++++ PROVIDED RECORDS

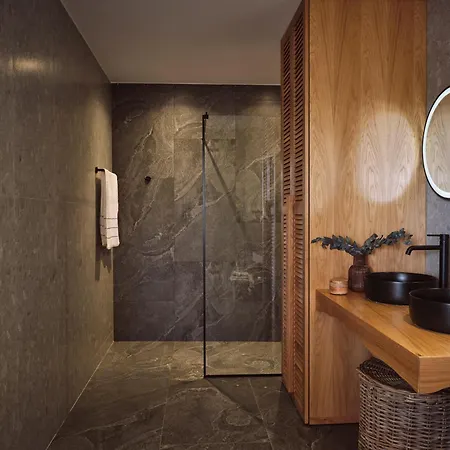Theros Luxury *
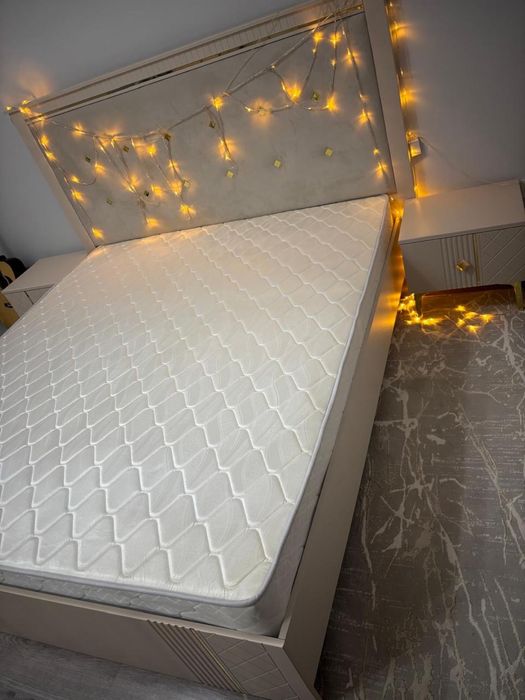 кровать  150.000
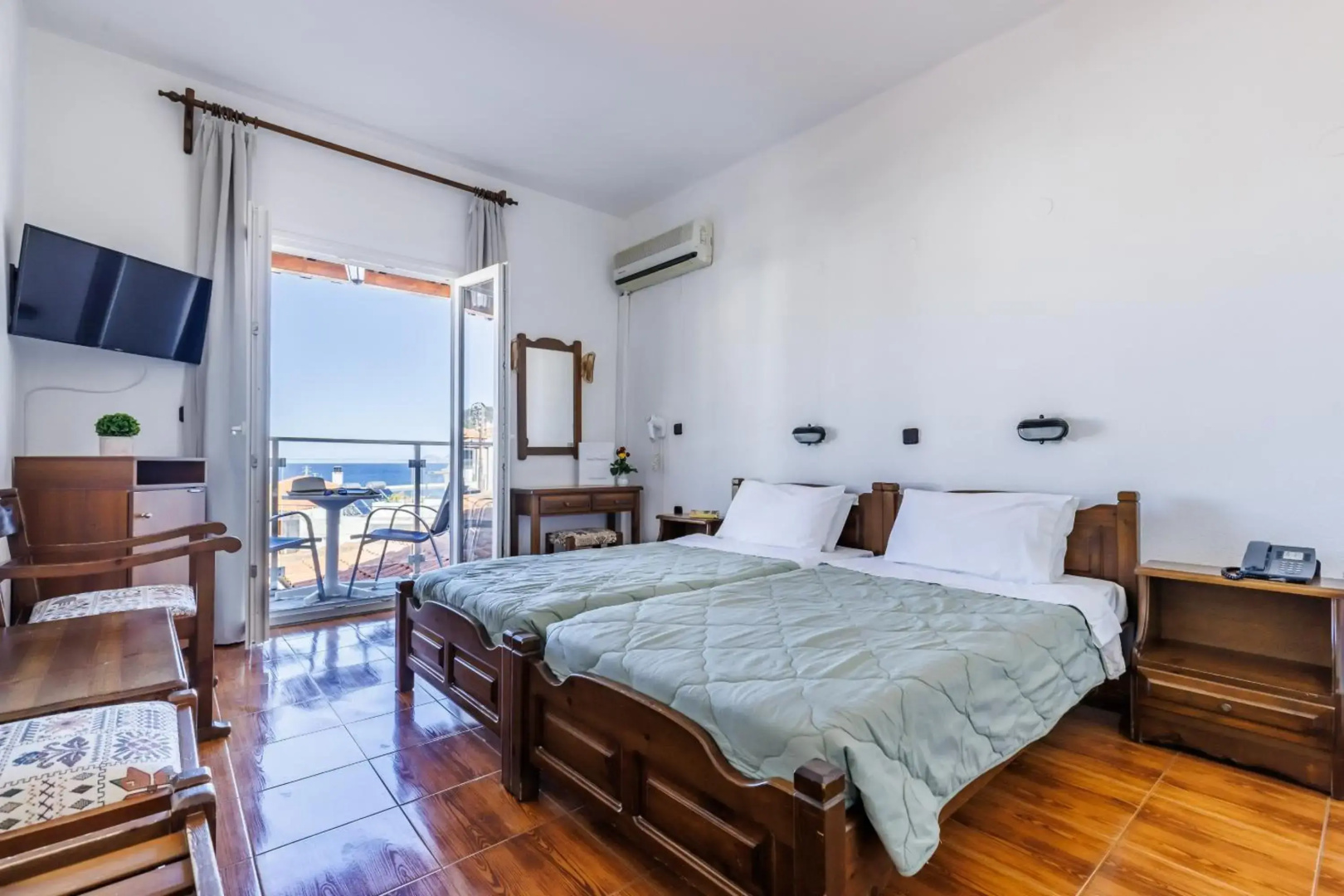 Hotel Dionyssos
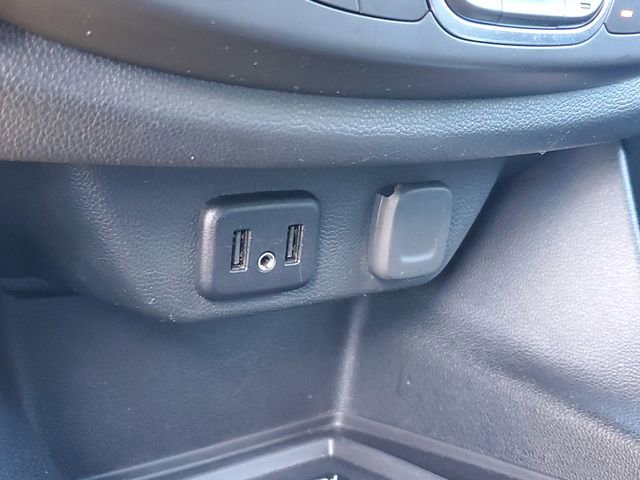 Used 2023 Chevrolet Traverse LT image 29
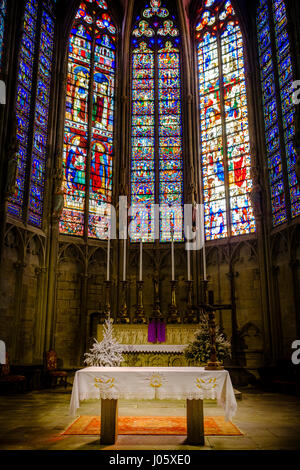 Farbige Glasfenster in das Innere der Basilika Saint-Nazaire in der mittelalterlichen Cité de Carcassonne, Frankreich Stockfoto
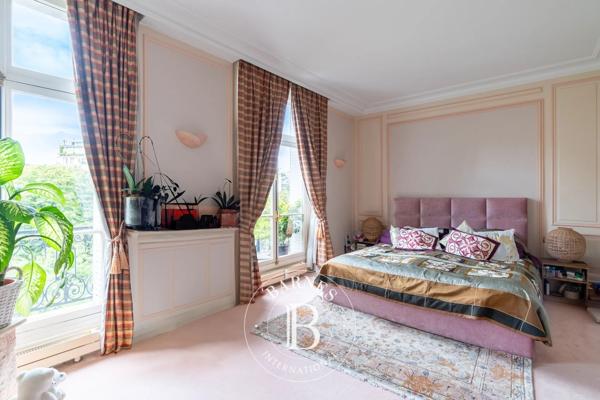Paris 16ème, Appartement 4 Chambres -  252 m² à vendre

++++++++

WHAT IS EXPECTED: Everything in the records above should be printed exactly, apart from the pictures.

THE ANSWER:
Theros Luxury *
 кровать  150.000
 Hotel Dionyssos
 Used 2023 Chevrolet Traverse LT image 29
 Farbige Glasfenster in das Innere der Basilika Saint-Nazaire in der mittelalterlichen Cité de Carcassonne, Frankreich Stockfoto
Paris 16ème, Appartement 4 Chambres -  252 m² à vendre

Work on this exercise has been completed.